-- TASK DESCRIPTION --
Copy each entry below verbatim. Skip the pictures.

• • • • • • •

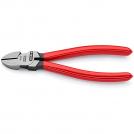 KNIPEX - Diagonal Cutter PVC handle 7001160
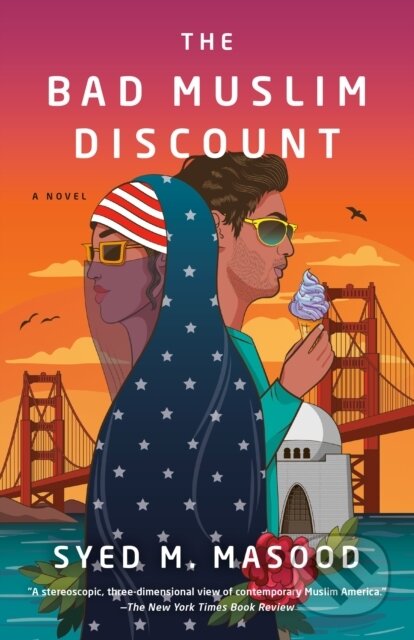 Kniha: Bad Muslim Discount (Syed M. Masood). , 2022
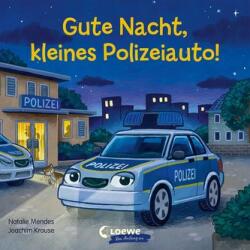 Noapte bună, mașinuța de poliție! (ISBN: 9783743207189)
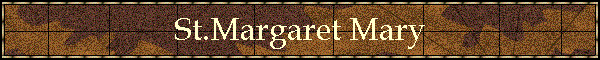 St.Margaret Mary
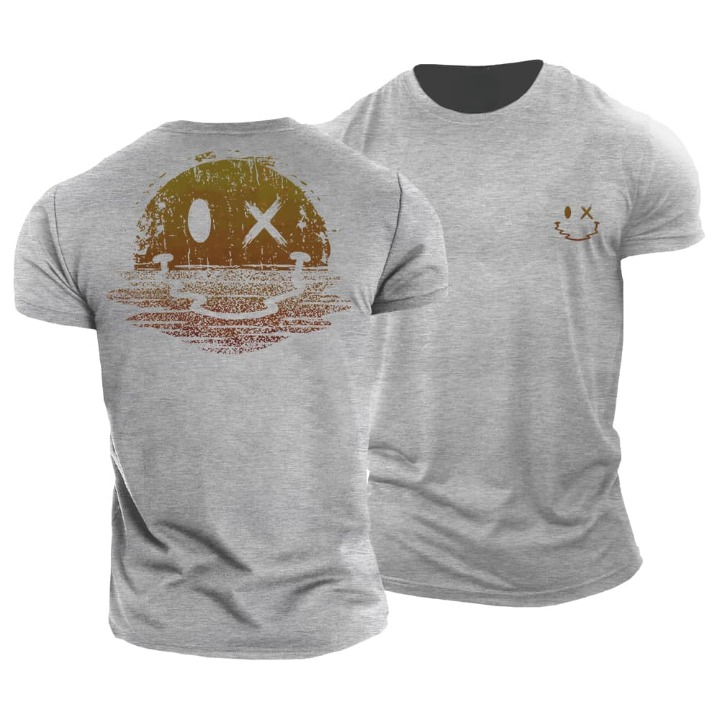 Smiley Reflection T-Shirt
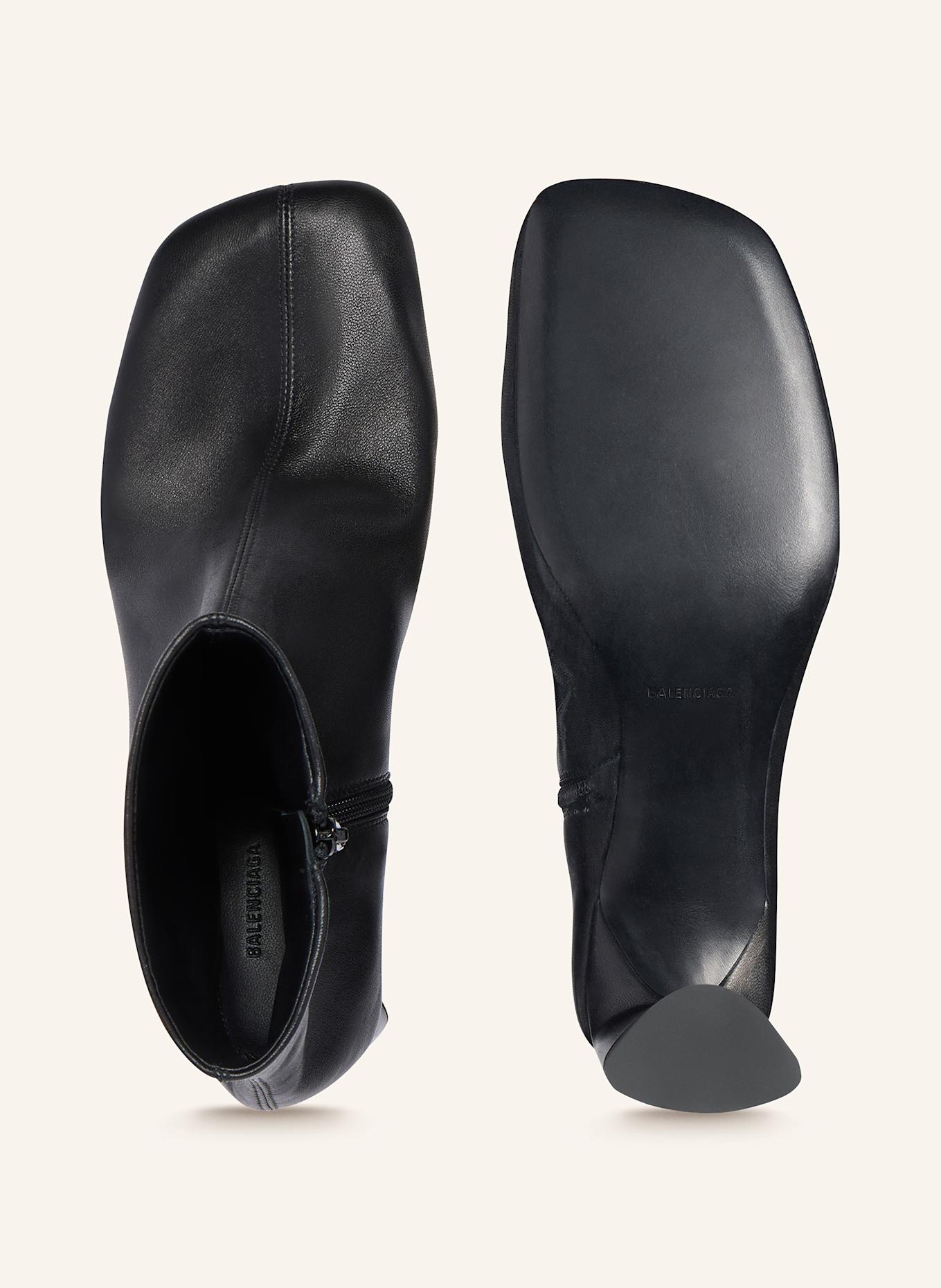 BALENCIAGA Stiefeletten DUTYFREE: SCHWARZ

• • • • • • •

-- SOLUTION BELOW --
 KNIPEX - Diagonal Cutter PVC handle 7001160
 Kniha: Bad Muslim Discount (Syed M. Masood). , 2022
 Noapte bună, mașinuța de poliție! (ISBN: 9783743207189)
 St.Margaret Mary
 Smiley Reflection T-Shirt
 BALENCIAGA Stiefeletten DUTYFREE: SCHWARZ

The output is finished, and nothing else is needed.